– Ну это... Чем там я занимался... Лежали там... Ну и это...
– Ладно, мне понятно, чем там занимался. А вот барин с тобой чем занимался?
– Чем это барин со мной занимался?
– Ну вот разве не этим же?
– Так я ж не девка!
– Так то-то и оно, что не девка. А он с тобой этим занимался. Хоть ты и не девка. Понимаешь о чём я?
– О том, что я не девка?
– Да не о том! А о том, чем он занимался!
– А чем он занимался?
– Тем же, чем и ты с девкой на сеновале, едрить твою душу!
– Так я-то с девкой. А в бане девок не было.
– Не было, правильно. А он с тобой занимался этим. С мужиком.
– Что ты мне мозги пудришь?! Девки какие-то, мужики. Я тебе говорю, не было девок в бане.
– Не было!
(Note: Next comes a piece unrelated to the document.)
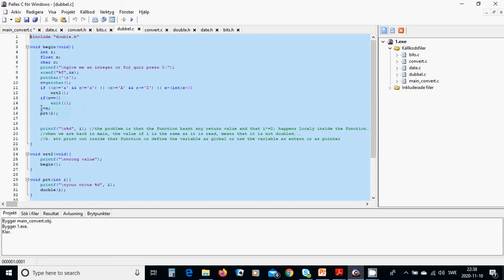If it is a valid integer, we make an implicit conversion of the float variable to integer, then call the function print. Inside the print function we declare variable i and we are going to use double_i.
А он тебя вместо девки!
– Как это? Девку же надо?
– Ну вот так. Можно и без девки, как видишь.
– Да ну тебя, как можно без девки. Сам-то ничего не понимаешь.
В это время серией вздохов и охов отметил своё пробуждение Никифор. Бонифас махнул рукой и начал расхаживать по камере. Прохор, довольный тем, что кастелян от него отвязался, начал задумчиво ковырять стену. Полицейский, дослушав разговор возле двери, решил зайти к ним попозже, сперва посетив начальника отделения полиции.
– Пробудились наши постояльцы.
– Вот как. Ну что, допросил? В протокол записал?
– С допросом я решил повременить. Слушал я их разговор за дверью, один из них, не поверите, содомит-с.
– Как так? Содомит?
– Ну педераст. С барином в имении ***ово такими делами занимался.
– Да понял я. Не думал, что на моём веку встречу такого вживую. Пробудились, говоришь? Приведи-ка его тогда сюда.
– Так точно-с.
Спустя некоторое время Прохор стоял в кабинете, смущённо разглядывая пол.
– Ну что, набедокурили вы вчера в кабаке?
– Да мы ж не хотели, чтобы вот так вышло.
– Хотели, не хотели, а закон он для всех один, отвечать вам теперь перед законом надо. Сейчас придёте в себя и кандалы примерите. А потом уже и на каторгу.
– Да как же так?! Как же на каторгу?! Мы ж не со зла!
– А какая разница, со зла или нет. А если б вы убили кого не со зла? Можно было бы вас отпустить? А ну говори, можно убийцу отпустить, если он не со зла?
– Нельзя...
– То-то. Нельзя. Поэтому на каторгу надо, чтоб вы ещё бед не учинили.
– Нас же барин ждёт сегодня к вечеру. Как же мы на каторгу?
– И что? Подождёт, лет десять подождёт.
– Ой, батюшки! Десять лет! Никак нельзя нас на десять лет!
– Ну есть один выход. Кое-чего тебе сделать надо будет, – начальник отделения полиции принялся снимать штаны: «Нужно и педераста попробовать. Девок-то уж много было, а вот педераста ещё не было у меня».
– А чего сделать надо?
– А вот что с барином делал, то и надо сделать.
Полицмейстер же вновь стоял у двери, навострив уши и не в силах изменить своей давней привычке подслушивать, подглядывать и любыми способами вызнавать не предназначавшуюся ему информацию. Довольно полезное качество для служителя закона, но во имя этого самого закона оно ни разу применено не было. Несколько раз такие слухи и сплетни послужили во имя карьеры нашего полицмейстера, но большая часть того, что ему удавалось выведать, просто хранилась в его памяти и извлекалась лишь для удовлетворения скуки, своей либо того, кто имел неосторожность поинтересоваться каким-нибудь предметом, что в тот момент не давал покоя любопытному разуму сего охранителя правопорядка. Даже услышав стоны и догадавшись об их причине, никакого омерзения или противления не зародилось в его душе, но, разгоряченный любопытством, он напротив плотнее прильнул к двери, уже представляя, какой фурор произведет эта новость среди всего полицейского участка. В скорости же её распространении можно было даже не сомневаться. Так он и стоял, весь обратившись в слух, а его воображение занимали картины, что соответствовали услышанному, пока удар двери по уху не прервал концентрацию полицейского. Концентрация его была подобна трансу индийских духовных наставников, но, как и многие сугубо духовные предметы, не выдержала прямого столкновения с действительностью. Прохор же, мысли которого были не столь глубоки, особенно в данный момент, стоял, тупо уставившись на полицмейстера.